In exactly one month, open voting will begin for Google’s 10^100 contest, that asked inventors to come up with ideas to change the world, and help as many people as possible. You can already find some of the ideas online; one particularly intriguing one is the Vitruvian Building System.
Pictured above is just one of several home designs that Vitruvian is working on. Instead of typical sheetrock walls, the main component of a Vitruvian building is super-insulating foam panels, that are prefabricated and can be fit into place at a construction site. Vitruvian believes the improved insulation that results is more than a marginal improvement: Buildings produce 30% of our greenhouse gas emissions. If every new house built until 2030 used the Vitruvian system, the company thinks it would be equivalent to taking 80 million cars off the road. Granted, that’s a pretty wild assumption. But if Vitruvian gets 5% market share?
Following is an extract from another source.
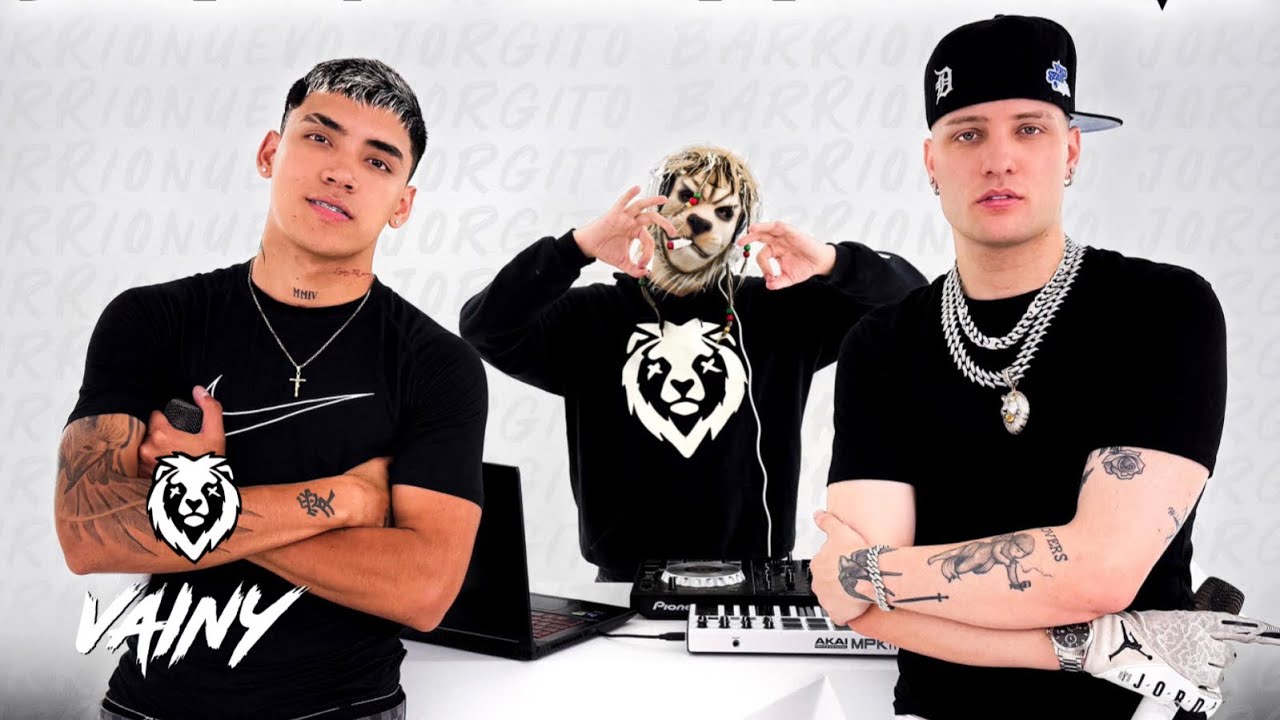 VAINY SESSIONS#1 -  @jorgitobarrionuevo (Prod @KOVUdj)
Four million less cars is nothing to sneeze at. Vitruvian believe that its system would be the fastest, cheapest way to fight carbon emissions in the U.S.
The business case is fairly compelling. For all the talk of LEED certified building and energy efficient home innovations, there are few one-stop, mass-market solutions to green building. The choices are mostly: Hire a (very expensive) LEED certified architect, or buy a high-design prefab. Neither of those options is open to the overwhelming majority of home builders in the U.S.